Dde Blasio said New York is proud to have supported the South African leader, who died Thursday.
Mandela's first stop on his 1990 U.S. visit was New York, where he was welcomed by Dinkins and de Blasio, then a mayoral aide. It was just months after his 27-year incarceration ended.
The mayor-elect said on Saturday that it's now up to New York to live in Mandela's spirit of economic and racial equality.
De Blasio says Mandela is the socially progressive model the city should follow.
The event also brought together Sharpton and Bratton, who was tapped this week by de Blasio to return to the role of police commissioner. His previous tenure ended nearly two decades ago.

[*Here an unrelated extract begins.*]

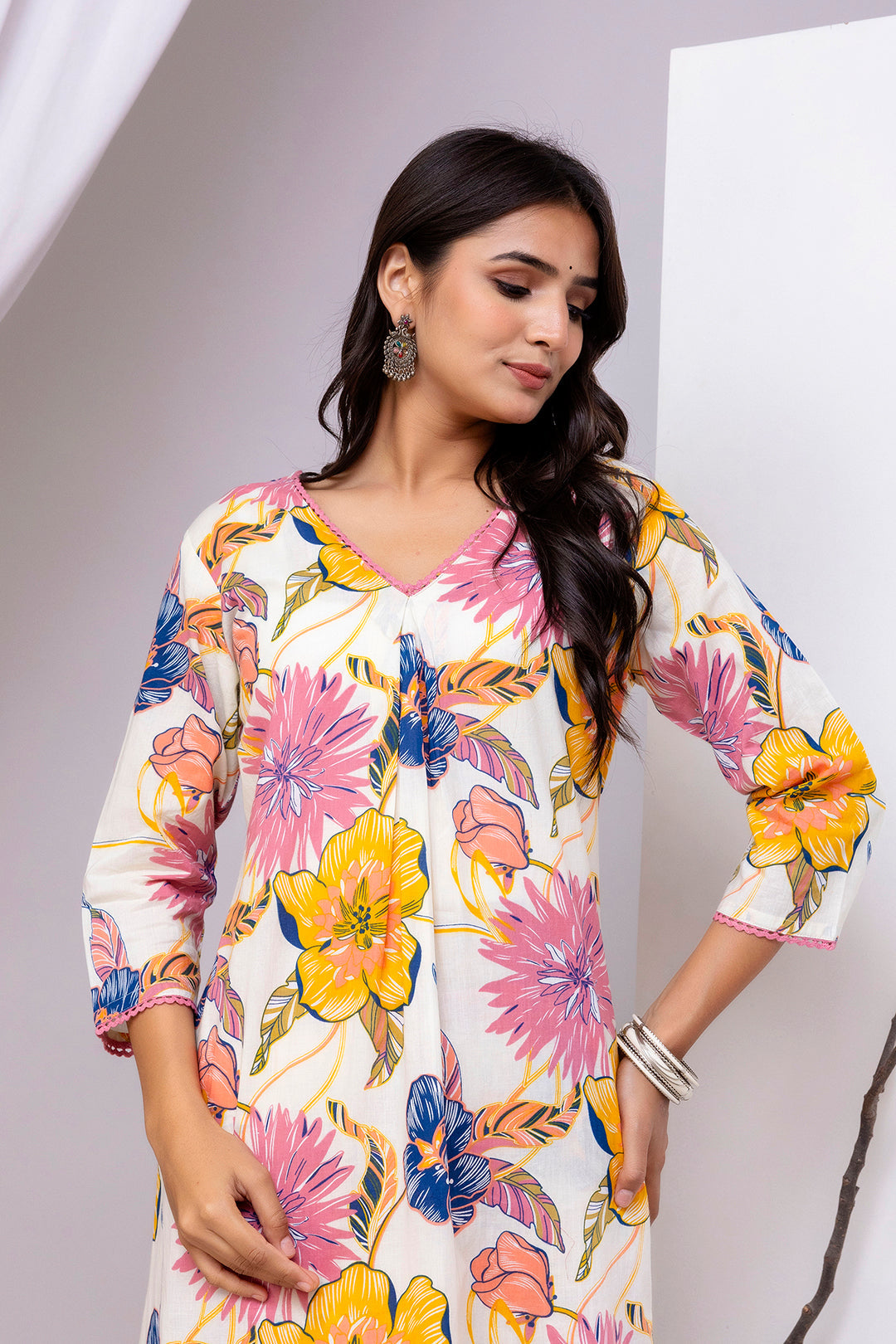Multicolor Floral Printed Co-Ord Set for Women | LASVINI - Redefining Indian Fashion with Elegance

Sharpton said New York cannot mourn the South African leader who fought for the constitutional rights of minorities - then have police "profile" young blacks.
Bratton told the mostly black audience at Sharpton's National Action Network that his commitment to the city is that "there will be freedom and equality for all" and the police will be "respectful."

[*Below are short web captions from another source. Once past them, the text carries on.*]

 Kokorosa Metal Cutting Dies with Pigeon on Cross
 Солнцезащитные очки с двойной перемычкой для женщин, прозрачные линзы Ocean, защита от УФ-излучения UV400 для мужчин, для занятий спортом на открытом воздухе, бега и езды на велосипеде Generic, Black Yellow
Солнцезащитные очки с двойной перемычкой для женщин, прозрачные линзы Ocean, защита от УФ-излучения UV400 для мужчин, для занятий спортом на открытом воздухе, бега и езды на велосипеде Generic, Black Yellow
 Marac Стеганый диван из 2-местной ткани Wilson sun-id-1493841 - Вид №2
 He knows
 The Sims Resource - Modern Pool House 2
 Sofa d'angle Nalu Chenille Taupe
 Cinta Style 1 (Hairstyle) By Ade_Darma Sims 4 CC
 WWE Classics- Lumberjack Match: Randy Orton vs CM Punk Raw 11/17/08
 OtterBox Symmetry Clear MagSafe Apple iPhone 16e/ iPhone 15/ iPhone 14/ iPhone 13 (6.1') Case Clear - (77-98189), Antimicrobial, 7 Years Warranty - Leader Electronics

A federal court ruling that ordered major reforms to the stop and frisk tactic is on hold pending an appeal. The ruling came after four minorities sued saying they were wrongly targeted by police.
Sharpton says he's worked with Bratton as both an ally and an adversary, and hopes they can work together on racial profiling and "to continue the decrease of violence and crime in our community."

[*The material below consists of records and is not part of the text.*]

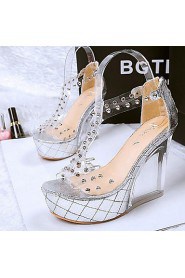 Women's Shoes Amir New Style Wedding / Party & Evening / Dress Silver / Gold Wedge Heel Peep Toe Sandals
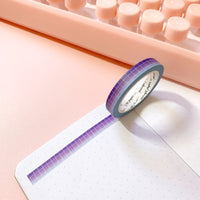 Washi Tape - 7mm Skinny Glacier Gradient Grid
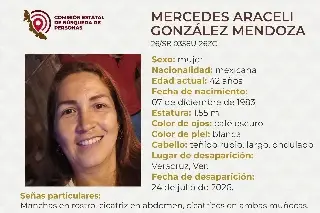 Ella es Mercedes, tiene 42 años y desapareció en la ciudad de Veracruz 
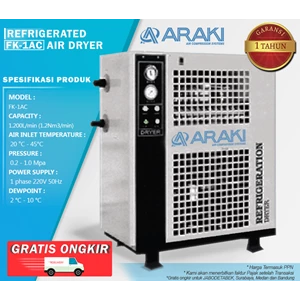 Refrigerated Air Dryer FK-1AC 1.0MPA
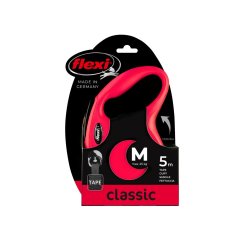 Flexi Classic (pásik),veľkosť M 5 m/25 kg, červená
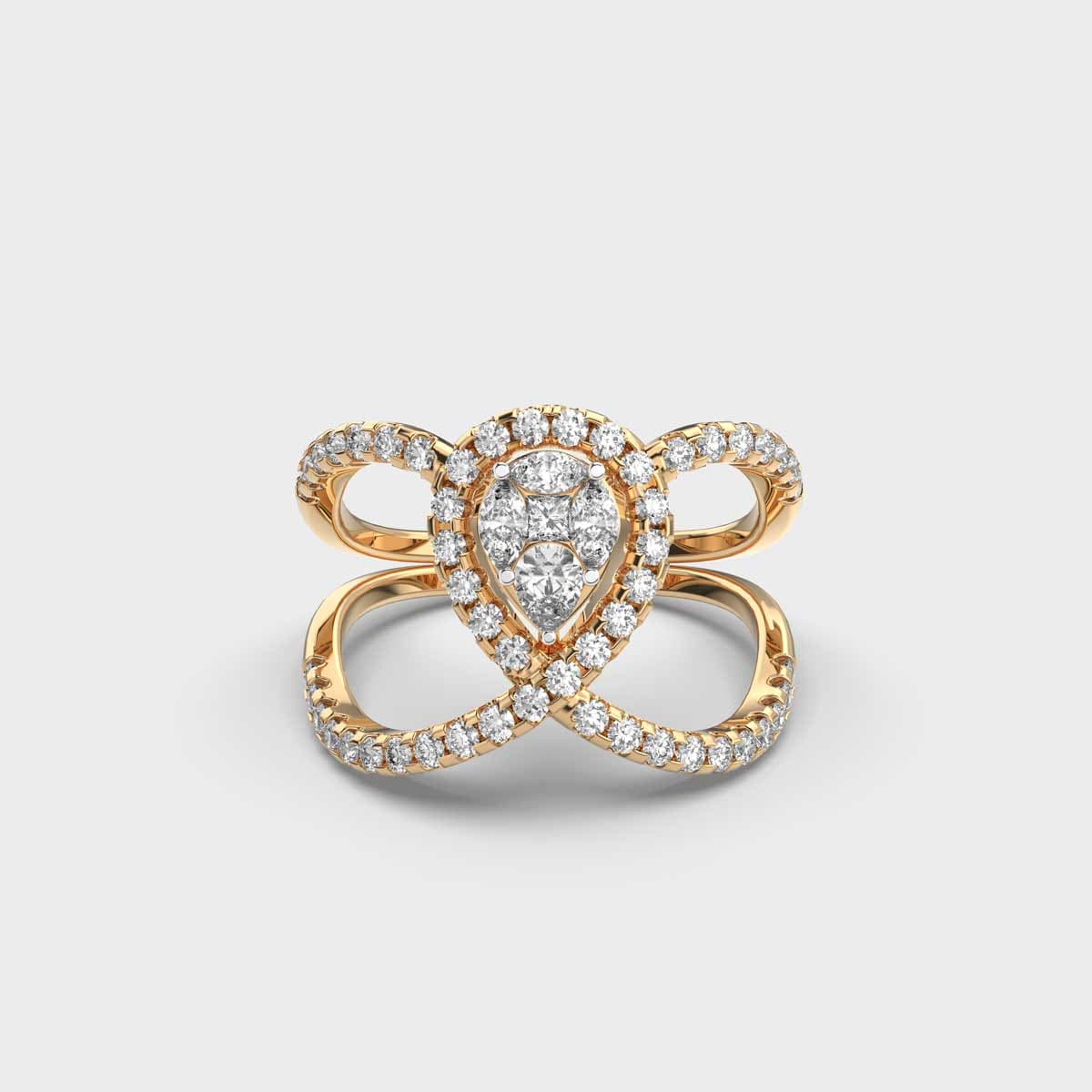 Luminous Crest Diamond Ring
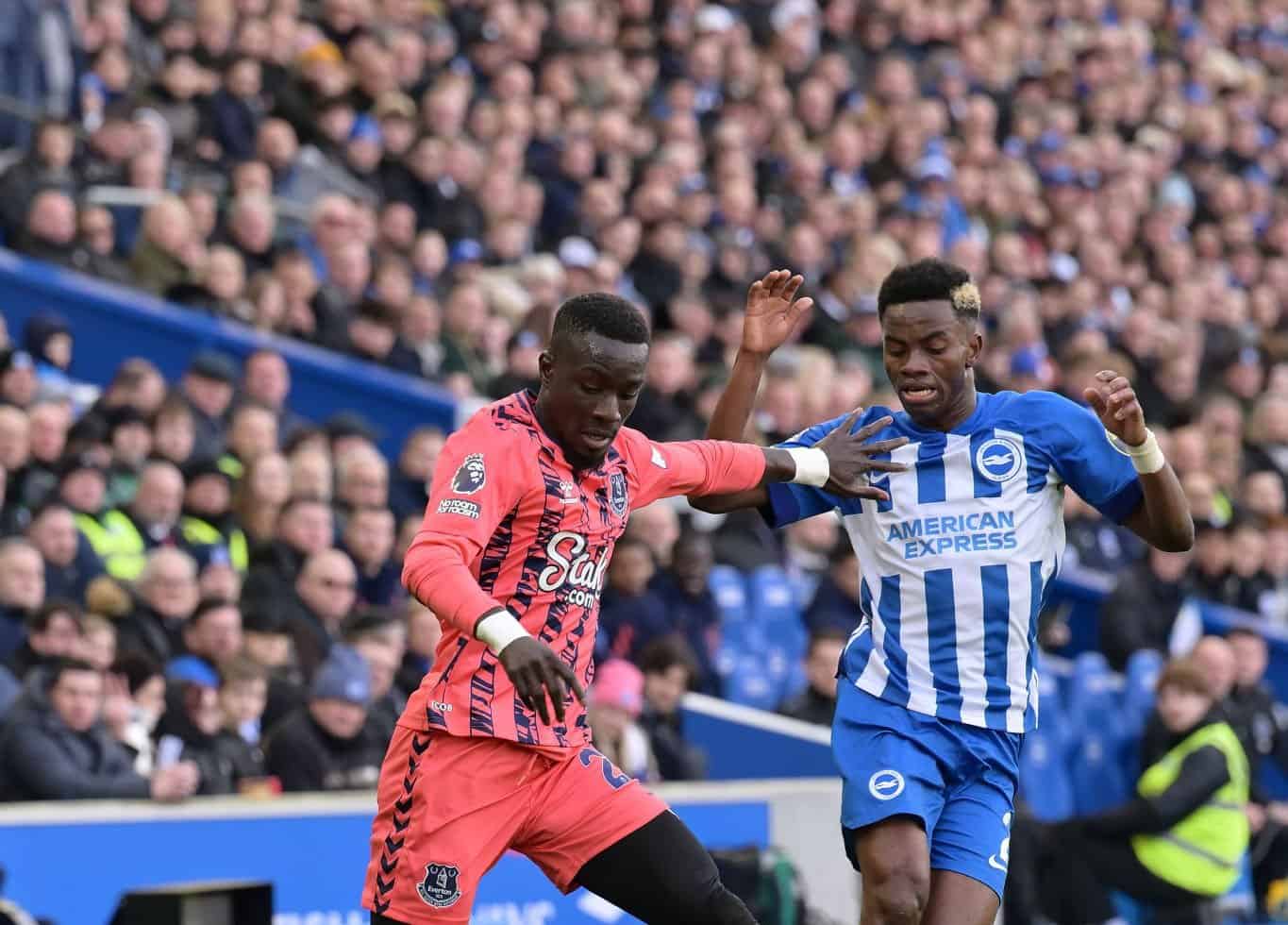 Premier League : Everton perd Idrissa Gueye sur blessure et concède le nul face à Brighton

de Blasio stressed that Bratton will try to continue the city's record public safety gains while improving police-community relations, which he said he believes have been strained by the police tactic known as stop and frisk.
The tactic allows police to stop anyone believed to be acting suspiciously. Its supporters say it has driven down crime while its critics say it unfairly targets black and Latino men.
"Bill Bratton knows that when it comes to stop and frisk it has to be used with respect and it has to be used properly," de Blasio said. "Public safety and respect for the public are not contradictory."